What is the difference between unstable and center subspace? To my knowledge, stable subspace is defined by Eigen vectors where its real part of Eigen values $\mathrm{Re}\,\lambda < 0$.
Unstable subspace is a linear span of those Eigen vectors where $\mathrm{Re}\,\lambda > 0$.
Center subspace - this is where I'm not sure.

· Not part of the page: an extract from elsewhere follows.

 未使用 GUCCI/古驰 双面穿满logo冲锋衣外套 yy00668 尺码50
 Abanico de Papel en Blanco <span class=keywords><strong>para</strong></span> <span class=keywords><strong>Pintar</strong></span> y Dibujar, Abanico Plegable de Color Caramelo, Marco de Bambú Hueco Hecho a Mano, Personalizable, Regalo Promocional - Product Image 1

Is is possible to consider center subspace to be a linear span of those vectors where all $\mathrm{Re}\,\lambda = 0$ or $\mathrm{Re}\,\lambda > 0$ and imaginary part $\mathrm{Im}\,\lambda \neq 0$?
Example:
Let's say I have these 3 Eigen vectors $\left(\lambda_1 = 2,\:\: \lambda_1 = i,\:\: \lambda_3 = -i \right)$:
$\begin{equation} W_1 = (0,0,1) \:\:\:\:\:\:\:\: \textrm{where}\: \textbf{real part:}\:\: U_1 = (0,0,1) \:\:\:\:\:\:\:\: \textrm{and}\: \textbf{imaginary part:}\:\: V_1 = (0,0,0)\,i \\ W_2 = (i,1,0) \\ W_3 = (-i,1,0) \:\:\: \end{equation}$
I understand that unstable subspace is
$E^{U}=\mathrm{span}\{W_1\}$,
because $\mathrm{Re}\,\lambda_1 = 2 > 0$ and $z$ axis $\neq 0$. However, how is it possible that center subspace is
$E^{C}=\mathrm{span}\{U_2,V_2\}$,
and not stable subspace as well - does the imaginary part that is greater than $0$ makes the difference?
Also, how is it possible that $W_3$ doesn't create any subspace at all (at least, I haven't found $W_3$ in the results)?